Dans cette affaire, l’autorité de la concurrence italienne a considéré que la société Unilever a abusé de sa position dominante sur le marché spécifique de la commercialisation des glaces en conditionnement individuels destinées à être consommées à l’extérieur. Cet abus découle du fait de l’imposition, par les distributeurs d’Unilever, de clauses d’exclusivité aux exploitants de points de vente.
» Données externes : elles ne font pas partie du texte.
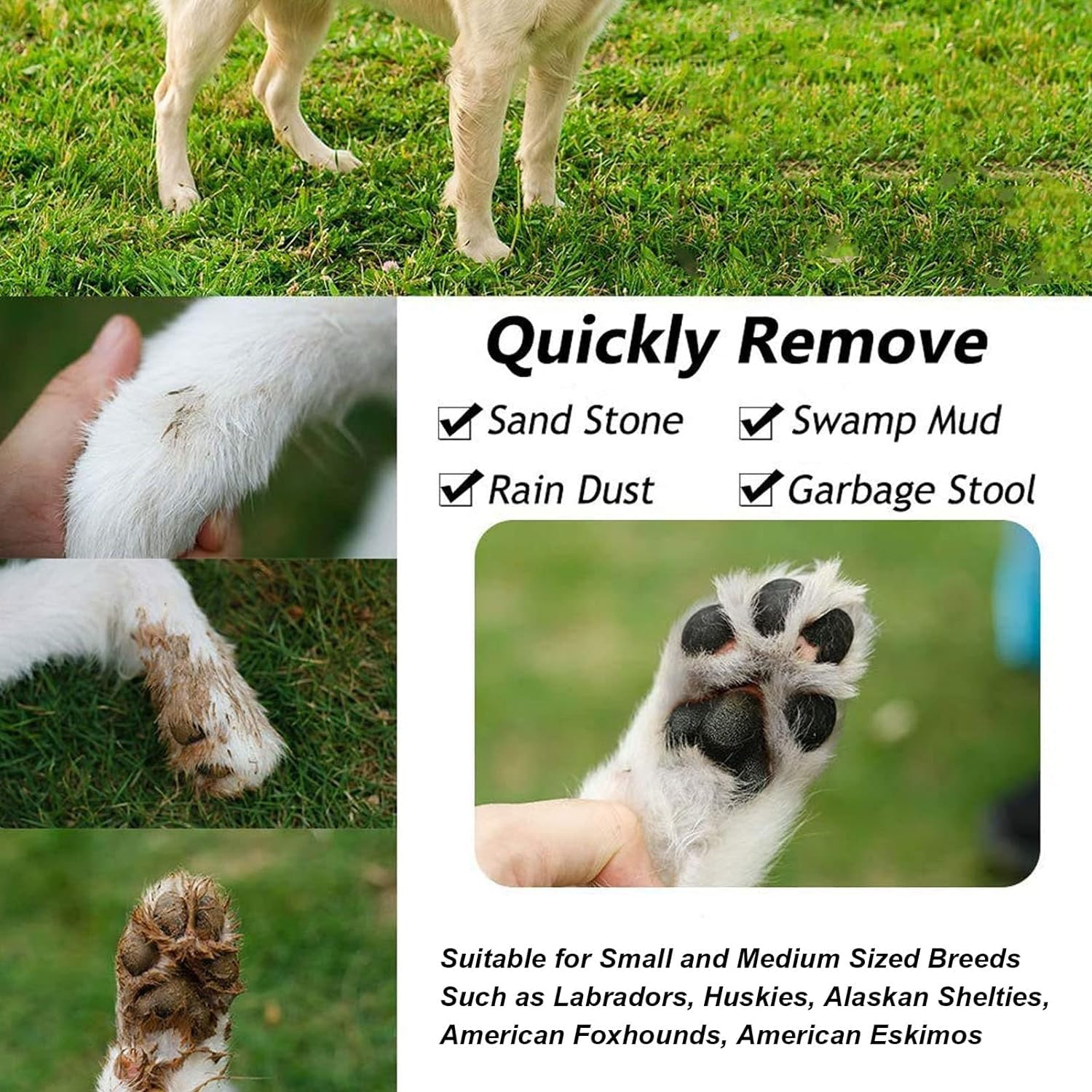 Wiggly™ QuickPaw Cleaner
Ces clauses obligeaient ces derniers à s’approvisionner exclusivement en produits d’Unilever pour leurs besoins en glaces en conditionnements individuels, en contrepartie de remises et de commissions.
L’autorité de la concurrence italienne a par conséquent condamné Unilever à une amende de 60 668 580 euros sur le fondement de l’article 102 du TFUE.
A la suite de plusieurs recours qui se sont suivis, la dernière juridiction italienne saisie a décidé de surseoir à statuer et de poser à la CJUE deux questions, dont celle portant sur les conditions dans lesquelles les agissements d’opérateurs économiques formellement autonomes et indépendants, à savoir des distributeurs, peuvent être imputés à un autre opérateur économique autonome et indépendant, à savoir le producteur des produits distribués par ceux-ci.
A cette question, la CJUE considère qu’un comportement abusif peut être imputé à une entreprise en position dominante, même lorsqu’il est matériellement mis en œuvre par un intermédiaire faisant partie du réseau de distribution en cause, s’il s’avère qu’il a été adopté conformément aux instructions spécifiques données par cette entreprise et, donc, s’il s’insère dans le cadre d’une politique décidée unilatéralement par l’entreprise dominante et à laquelle les distributeurs concernés sont tenus de se conformer.
Dans cette situation, étant donné que le comportement abusif a été décidé unilatéralement par l’entreprise en position dominante, cette dernière peut être considérée comme l’auteur de ce comportement et, donc, le cas échéant, comme la seule responsable de celui-ci aux fins de l’application de l’article 102 du TFUE.
Cela est notamment le cas lorsque ce comportement prend la forme de contrats-types, entièrement rédigés par l’entreprise en position dominante et contenant des clauses d’exclusivité au bénéfice des ses produits que les distributeurs sont tenus de faire signer aux exploitants de points de vente sans pouvoir les négocier et les amender.
Par cette position, la CJUE invite à une certaine prudence : la mise en œuvre d’une politique anticoncurrentielle décidée par un fournisseur en position dominante lui est imputable, sans même qu’il soit nécessaire de démontrer l’existence d’une unité économique au sens de l’article 102 du TFUE à laquelle les distributeurs font partie, ni l’existence d’un lien hiérarchique reposant sur une pluralité d’actes d’orientation adressés à ces distributeurs susceptibles d’influer sur leurs décisions de gestion de leurs activités respectives.